5.14.3.3 Code - Java
public List<Integer> preorderTraversal(TreeNode root) {
List<Integer> result = new ArrayList<>();
if (root == null) {
return result;
}
Deque<TreeNode> stack = new ArrayDeque<>();
stack.push(root);
while (!stack.isEmpty()) {
TreeNode node = stack.pop();
result.add(node.val);
if (node.right != null) {
stack.push(node.right);
}
if (node.left != null) {
stack.push(node.left);
}
}
return result;
}5.14.4 Solution - Recursive
5.14.4.1 Walkthrough
Recursively visit the current node first, then traverse left subtree, then right subtree. This mirrors the preorder definition and appends values in root-left-right order.
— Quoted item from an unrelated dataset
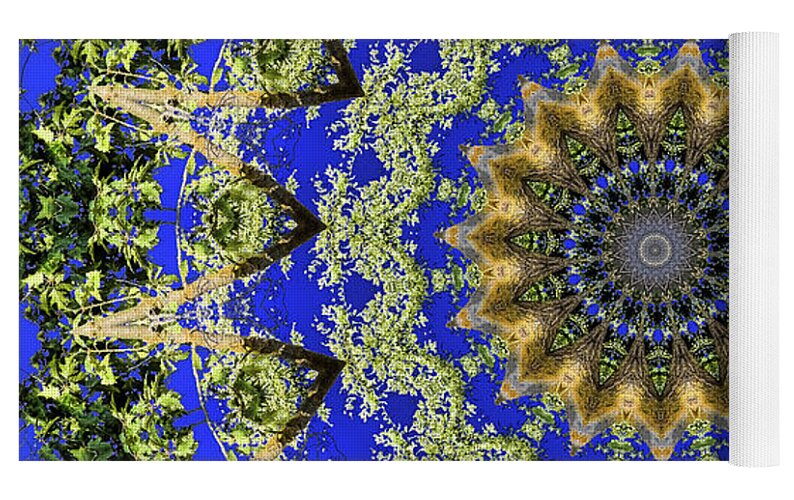 Royal Blue and Green Pattern Fragments Mandala - Yoga Mat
The recursive approach directly reflects the definition of pre-order traversal: 1. Base case: If node is null, return immediately 2. Process current: Add current node’s value to result 3. Recurse left: Visit all nodes in the left subtree 4. Recurse right: Visit all nodes in the right subtree
This is the natural traversal order for creating tree copies or serializing trees, as you process the parent before the children.
5.14.4.2 Analysis
- Time Complexity: O(n) - Each node is visited exactly once
- Space Complexity: O(h) - Recursion call stack depth where h is tree height (O(n) worst case for skewed tree)